Ludwigshafen

Kultur Helmut van der Buchholz erläutert Führung „Zurück zum Beton“

Blick auf einstige Pionierarbeit

Ludwigshafen.„Besuchen wir unsere Hochstraßen, so lange sie noch stehen!“ Dem Aufruf des Stadtführers und Künstlers Helmut van der Buchholz zur Veranstaltung „Zurück zum Beton!“ folgten 50 neugierige Bürger. Warum sich Ludwigshafen den Titel als „hässlichste Stadt Deutschlands“, so das Ergebnis einer Umfrage des NDR-Magazins „Extra 3“, verdient habe, sollte zwei Stunden lang eindrucksvoll untermauert werden.

Treppe ins Nichts

Wie allgegenwärtig der Baustoff Beton im Alltag der Menschen ist, beschrieb van der Buchholz so: „Unter dem Betonpflaster der Wege liegt noch mehr Beton. Und über unseren Köpfen schwebt eine weitere Ebene aus Beton. Da muss man sich nicht wundern, dass man links und rechts nicht viel anderes als Beton entdeckt.“ Die Tour durch den „Graugürtel“ startete am Rheinufer bei der Schumacher-Brücke. Von hier konnte man einst bis zum Rathaus-Center laufen, über eine „Rampe zur Treppe ins Nichts“. Der zweifelhafte Anblick wich sodann der Aussicht auf Ludwigshafens Würfelbunker, dessen tristes Grau vom Stadtwappen aufgehübscht wird.
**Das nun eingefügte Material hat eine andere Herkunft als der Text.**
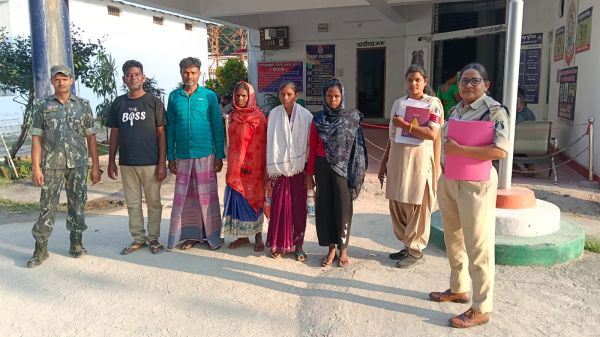 माँ की ममता को किया शर्मसार! 1 लाख 80 हजार में मासूम की खरीद-फरोख्त का खुलासा, कुनकुरी से पश्चिम बंगाल तक पहुंची पुलिस, बच्चे को सकुशल बचाया, मां सहित पांच आरोपी गिरफ्तार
Eine wahre Betonwüste bot sich den Teilnehmern auf der Rückseite des Rathauses, wo van der Buchholz zur spontanen „Bergetappe“ einlud. Eine Betontreppe machte den Aufstieg leichter – und erlaubte einen Blick auf die „Hochstraße zum Anfassen“. „Damals war das eine konzeptionelle Meisterleistung“, erklärte er. „Man versprühte den Optimismus, dass wirklich alles möglich ist.“ Im Hinblick auf eine autogerechte Stadt sei damals Pionierarbeit geleistet worden. Noch in 100 Jahren könnten die einst so modernen Hochstraßen stehen – „wären da nicht die Zehntausenden Fahrzeuge, die tagtäglich hinüberrollen.“

Bevor die Abrissbagger anrücken, wies der Stadtführer auf eine Besonderheit hin: Geradezu beeindruckend sei die Andockung der Parkdecks an das Hochstraßensystem. „Das hat richtig gut hingehauen“, wenngleich es ohne Netze unter den Straßen inzwischen nicht mehr geht – herabfallender Beton muss aufgefangen werden.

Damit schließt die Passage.